General Motors Acceptance Corp. v. Ibrahim

171 Mich. App. 483 (1988) 431 N.W.2d 41

GENERAL MOTORS ACCEPTANCE CORPORATION
v.
IBRAHIM

Docket No. 95289.

Michigan Court of Appeals.

Decided May 12, 1988.

O'Reilly, Rancilio, Nitz, Andrews & Turnbull, P.C. (by Neil J. Lehto), for General Motors Acceptance Corporation.

Brandt, Hanlon, Becker, Lanctot, McCutcheon, Martin & Schoolmaster (by Dennis M. Killeen), and MacArthur, Cheatham, Acker & Smith, P.C. *484 (by James G. Gross), of Counsel, for Auto Club Insurance Association.

Before: HOLBROOK, JR., P.J., and HOOD and N.J. KAUFMAN,[*] JJ.

PER CURIAM.

Defendant Auto Club Insurance Association (ACIA) appeals as of right from the trial court's grant of summary disposition in favor of plaintiff General Motors Acceptance Corporation (GMAC).
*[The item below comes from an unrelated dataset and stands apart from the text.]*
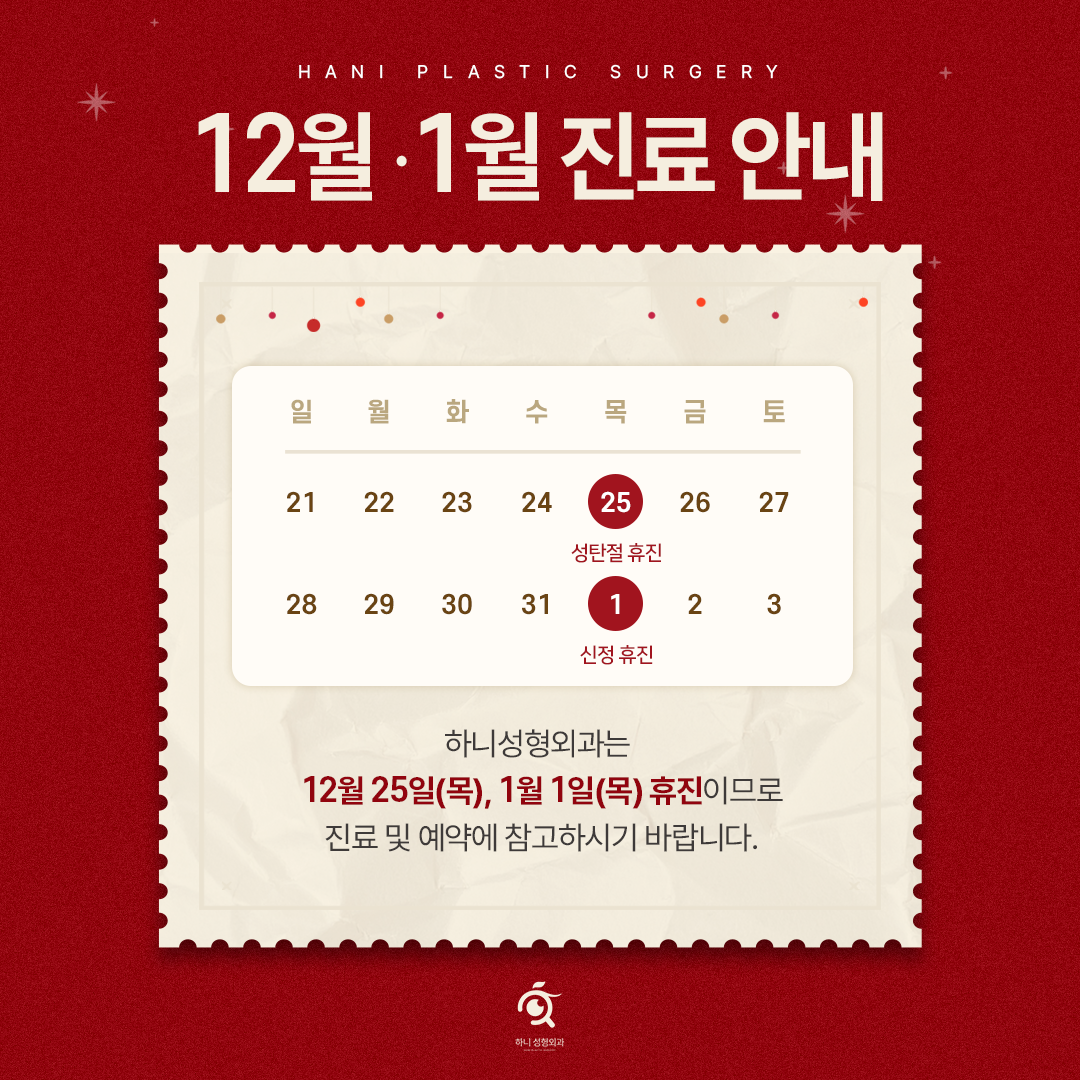 12월, 1월 휴진안내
The facts are not in dispute. Samira A. Ibrahim purchased a 1984 Pontiac Trans Am and executed a finance agreement with GMAC, which required Ibrahim to have insurance on the Trans Am. According to the agreement, the insurance proceeds would be applied to replacement of the property or to payment of the amount owed under the finance agreement. The insurance was obtained from ACIA.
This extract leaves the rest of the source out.